*What you have to do*.
Please copy all of the data that follows exactly, leaving any pictures out.

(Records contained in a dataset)

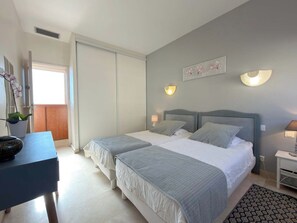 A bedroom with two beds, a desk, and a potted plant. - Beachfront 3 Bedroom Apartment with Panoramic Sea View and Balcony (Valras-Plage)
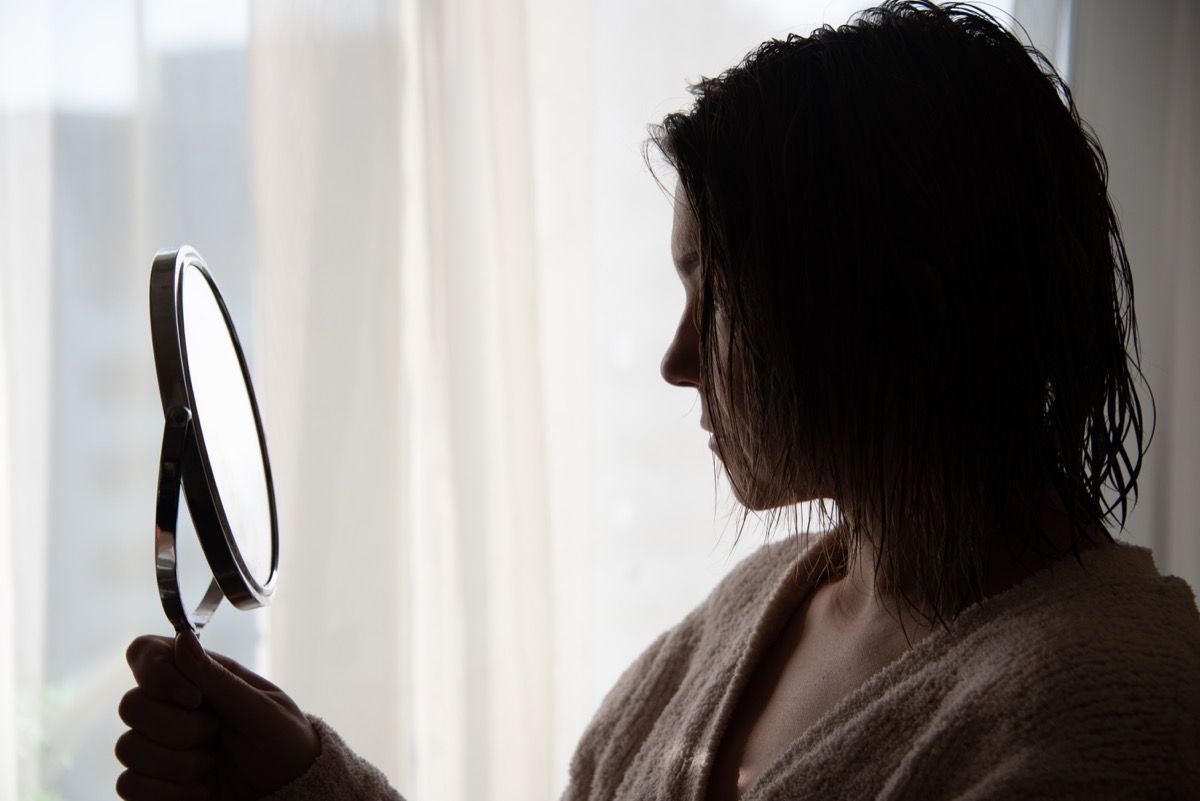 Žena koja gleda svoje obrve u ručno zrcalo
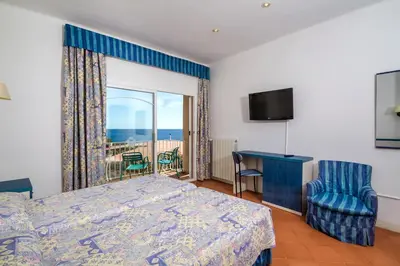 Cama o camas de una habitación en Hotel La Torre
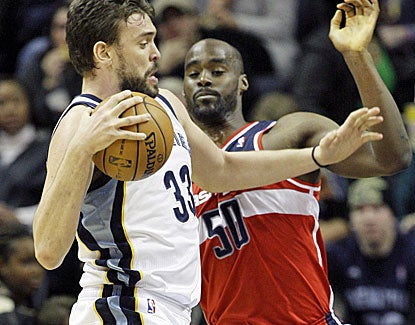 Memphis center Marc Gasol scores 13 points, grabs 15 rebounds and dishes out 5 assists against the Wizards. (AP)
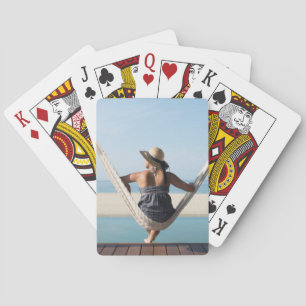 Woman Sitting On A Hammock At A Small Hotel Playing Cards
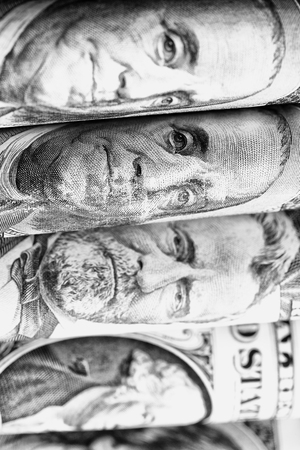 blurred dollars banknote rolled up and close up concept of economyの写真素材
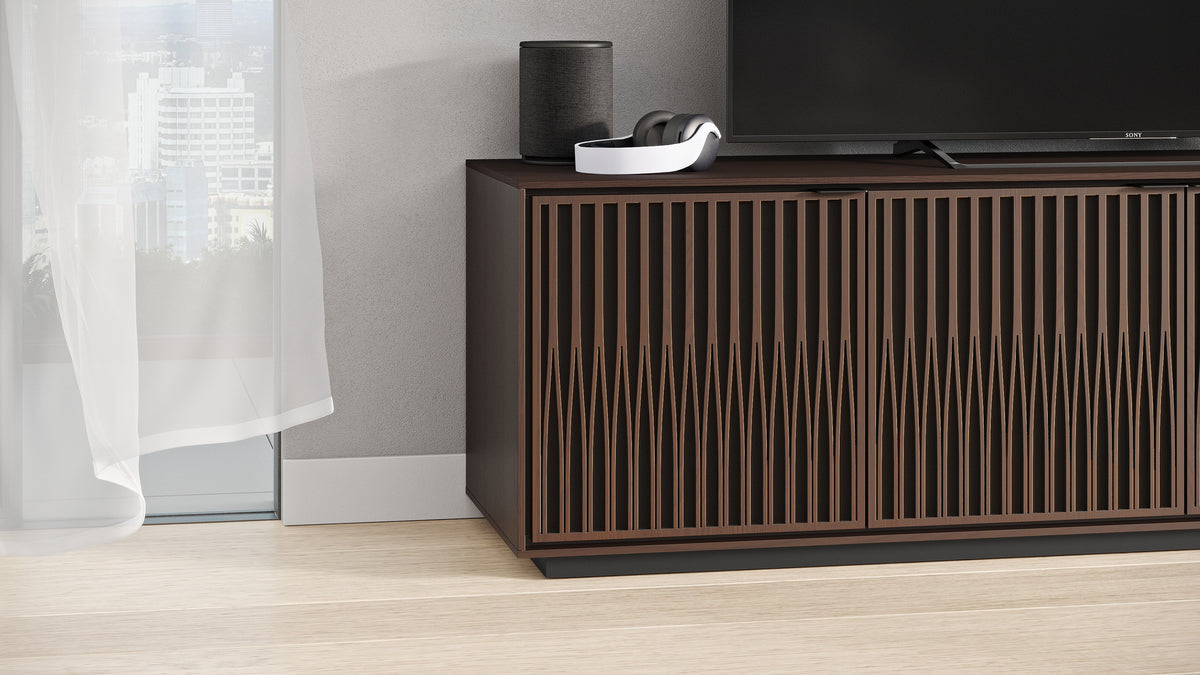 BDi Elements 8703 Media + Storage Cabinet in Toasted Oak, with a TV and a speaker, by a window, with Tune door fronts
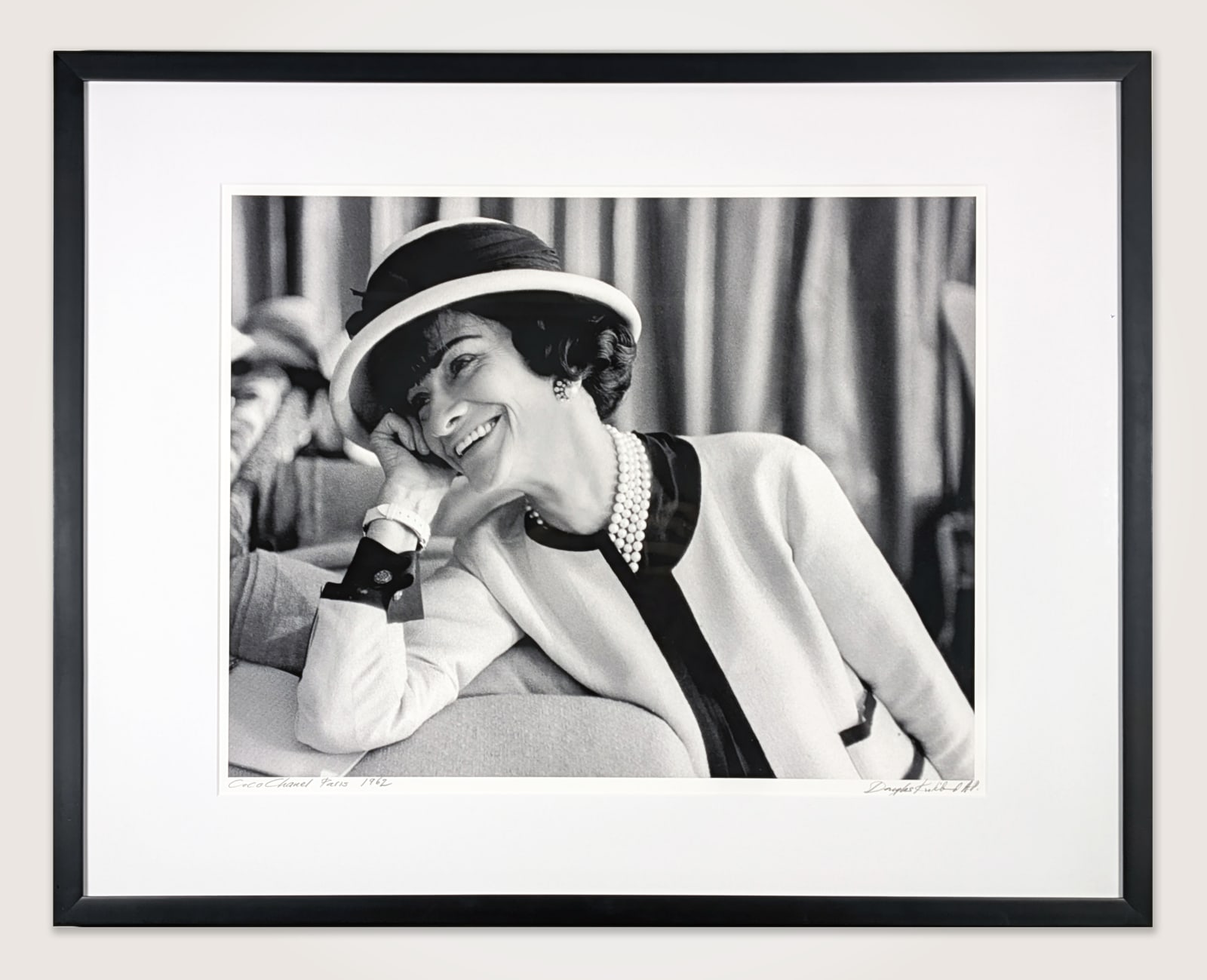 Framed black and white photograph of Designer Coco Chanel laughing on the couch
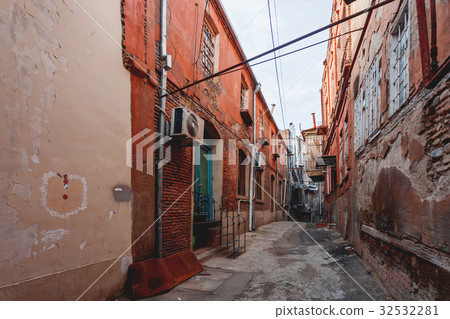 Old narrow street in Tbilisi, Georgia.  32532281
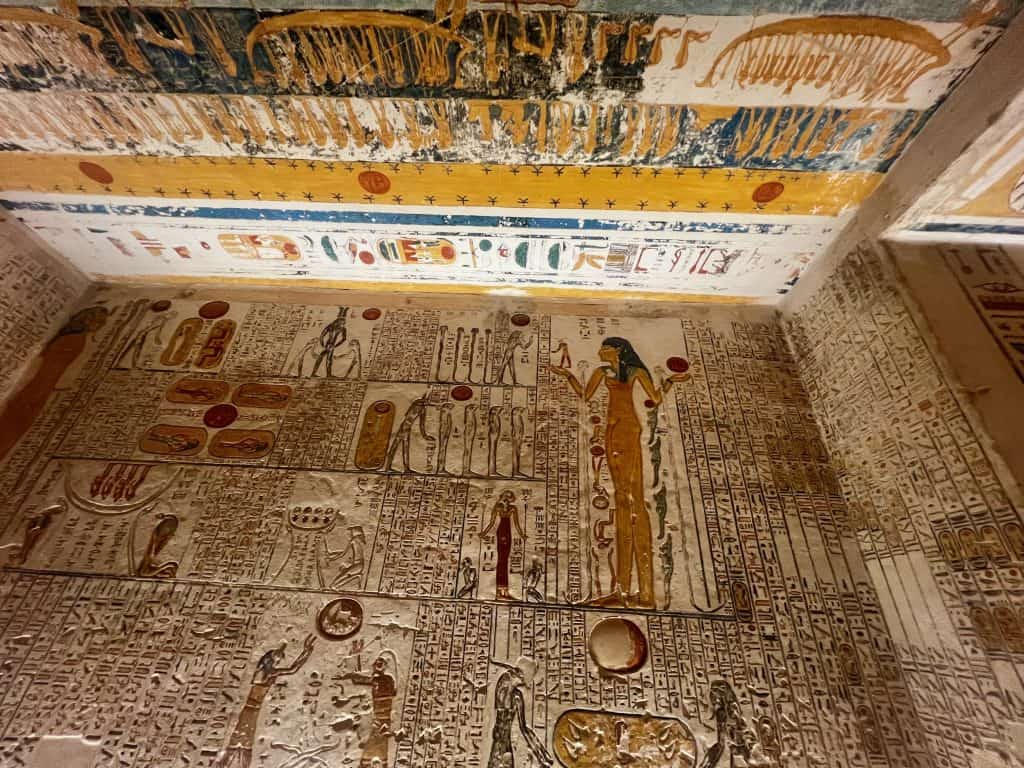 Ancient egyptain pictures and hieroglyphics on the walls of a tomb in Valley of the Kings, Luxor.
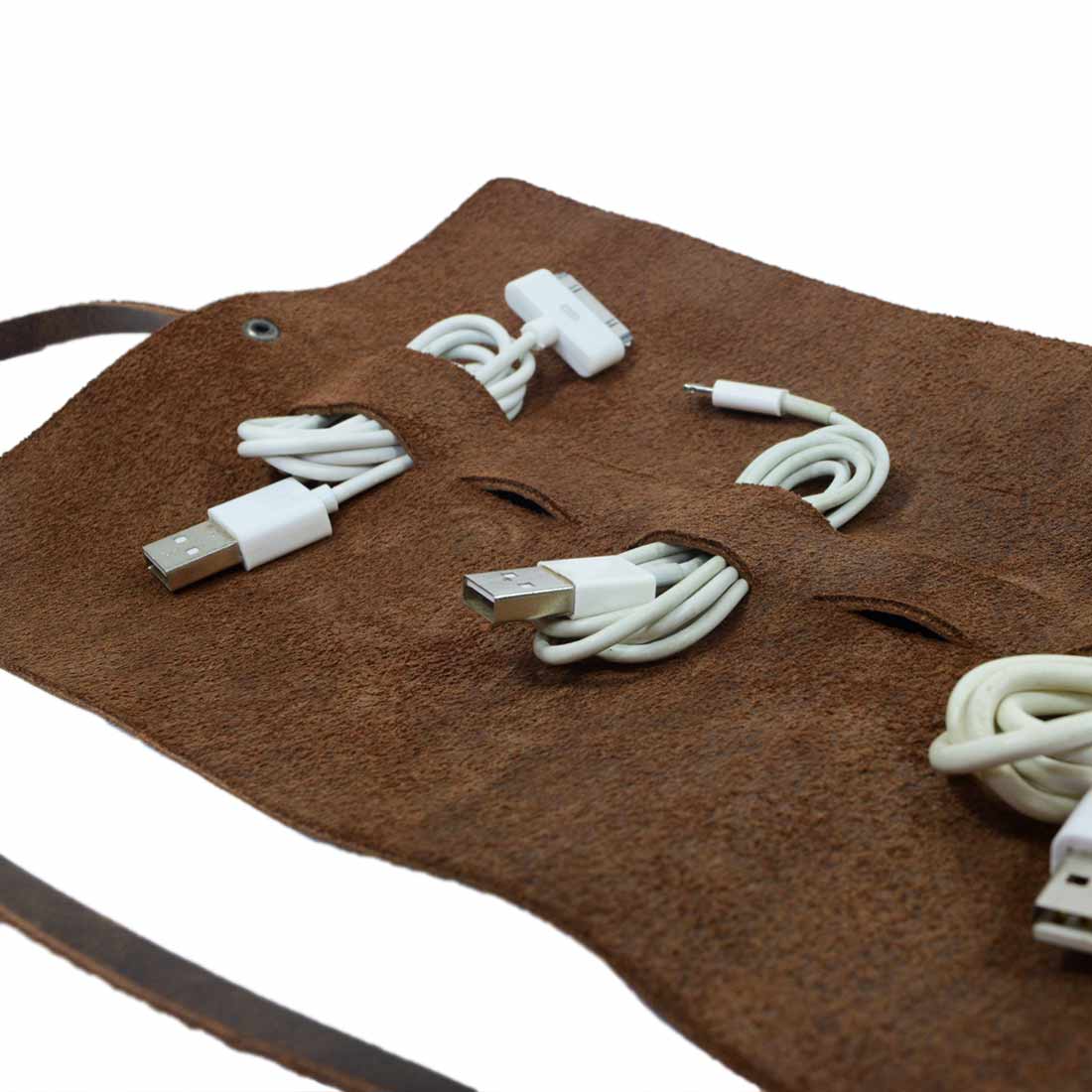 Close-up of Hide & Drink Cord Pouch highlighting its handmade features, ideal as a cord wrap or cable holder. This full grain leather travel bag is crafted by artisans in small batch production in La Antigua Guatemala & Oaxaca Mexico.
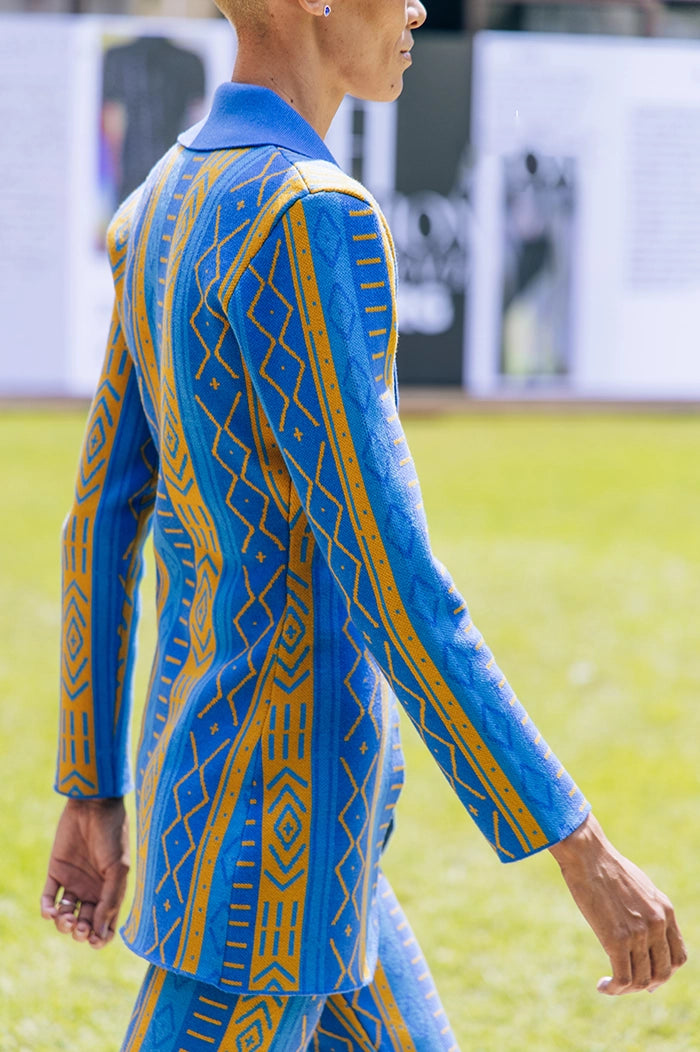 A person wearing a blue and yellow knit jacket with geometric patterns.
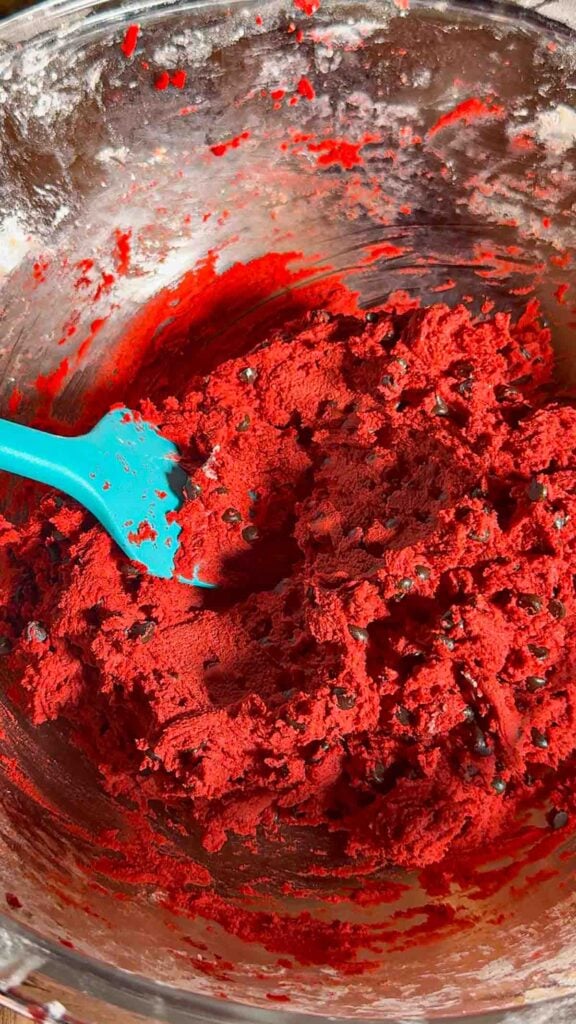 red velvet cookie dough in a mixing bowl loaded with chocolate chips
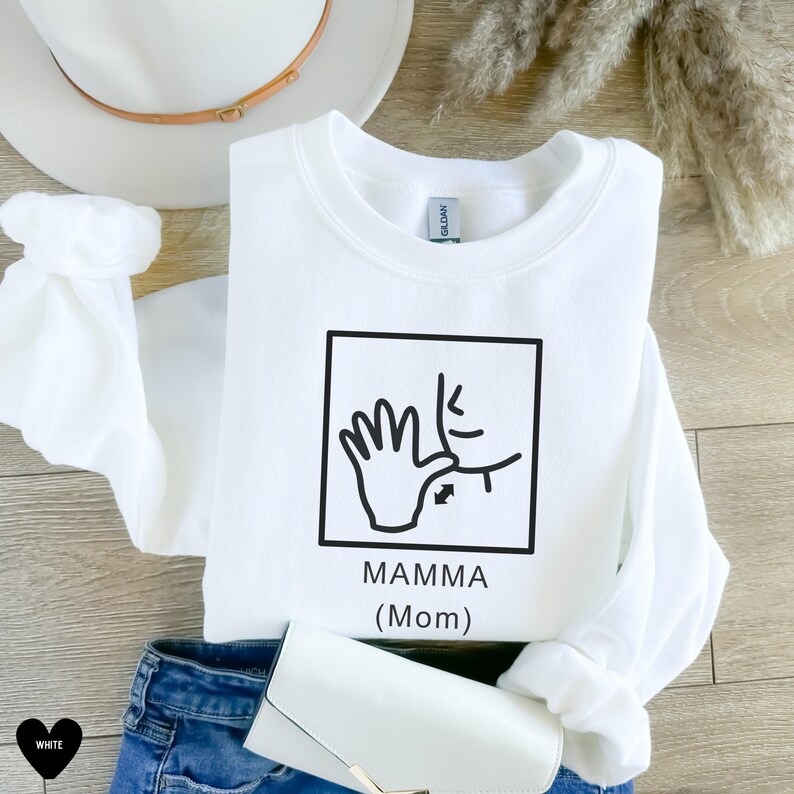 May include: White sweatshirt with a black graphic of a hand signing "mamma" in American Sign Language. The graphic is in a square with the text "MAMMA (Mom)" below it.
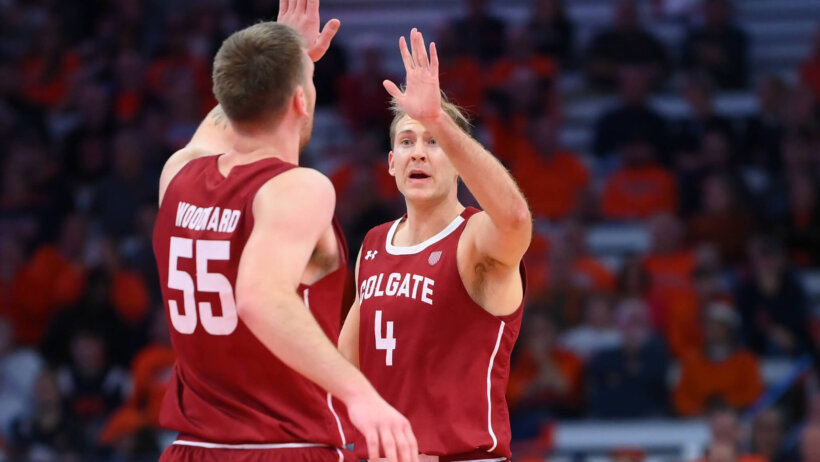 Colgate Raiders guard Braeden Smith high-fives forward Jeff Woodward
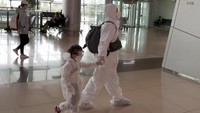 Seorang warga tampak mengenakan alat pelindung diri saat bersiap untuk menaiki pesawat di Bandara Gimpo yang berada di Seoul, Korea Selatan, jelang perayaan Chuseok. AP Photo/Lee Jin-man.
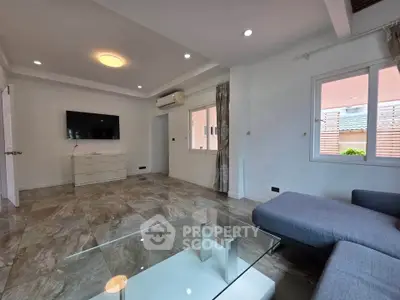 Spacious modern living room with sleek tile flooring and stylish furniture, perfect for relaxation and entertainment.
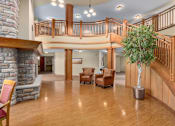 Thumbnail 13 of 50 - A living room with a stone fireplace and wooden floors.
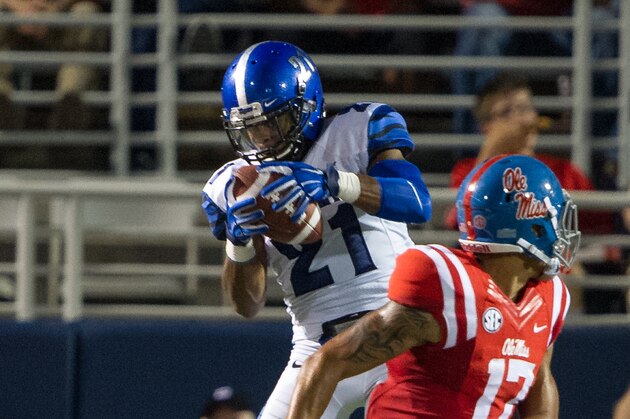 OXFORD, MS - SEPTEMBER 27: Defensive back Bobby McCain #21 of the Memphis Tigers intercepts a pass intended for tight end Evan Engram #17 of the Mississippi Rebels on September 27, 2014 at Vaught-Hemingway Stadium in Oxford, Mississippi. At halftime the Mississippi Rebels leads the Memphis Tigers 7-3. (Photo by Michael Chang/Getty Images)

*The answer*.
 A bedroom with two beds, a desk, and a potted plant. - Beachfront 3 Bedroom Apartment with Panoramic Sea View and Balcony (Valras-Plage)
 Žena koja gleda svoje obrve u ručno zrcalo
 Cama o camas de una habitación en Hotel La Torre
 Memphis center Marc Gasol scores 13 points, grabs 15 rebounds and dishes out 5 assists against the Wizards. (AP)
 Woman Sitting On A Hammock At A Small Hotel Playing Cards
 blurred dollars banknote rolled up and close up concept of economyの写真素材
 BDi Elements 8703 Media + Storage Cabinet in Toasted Oak, with a TV and a speaker, by a window, with Tune door fronts
 Framed black and white photograph of Designer Coco Chanel laughing on the couch
 Old narrow street in Tbilisi, Georgia.  32532281
 Ancient egyptain pictures and hieroglyphics on the walls of a tomb in Valley of the Kings, Luxor.
 Close-up of Hide & Drink Cord Pouch highlighting its handmade features, ideal as a cord wrap or cable holder. This full grain leather travel bag is crafted by artisans in small batch production in La Antigua Guatemala & Oaxaca Mexico.
 A person wearing a blue and yellow knit jacket with geometric patterns.
 red velvet cookie dough in a mixing bowl loaded with chocolate chips
 May include: White sweatshirt with a black graphic of a hand signing "mamma" in American Sign Language. The graphic is in a square with the text "MAMMA (Mom)" below it.
 Colgate Raiders guard Braeden Smith high-fives forward Jeff Woodward
 Seorang warga tampak mengenakan alat pelindung diri saat bersiap untuk menaiki pesawat di Bandara Gimpo yang berada di Seoul, Korea Selatan, jelang perayaan Chuseok. AP Photo/Lee Jin-man.
 Spacious modern living room with sleek tile flooring and stylish furniture, perfect for relaxation and entertainment.
 Thumbnail 13 of 50 - A living room with a stone fireplace and wooden floors.
 OXFORD, MS - SEPTEMBER 27: Defensive back Bobby McCain #21 of the Memphis Tigers intercepts a pass intended for tight end Evan Engram #17 of the Mississippi Rebels on September 27, 2014 at Vaught-Hemingway Stadium in Oxford, Mississippi. At halftime the Mississippi Rebels leads the Memphis Tigers 7-3. (Photo by Michael Chang/Getty Images)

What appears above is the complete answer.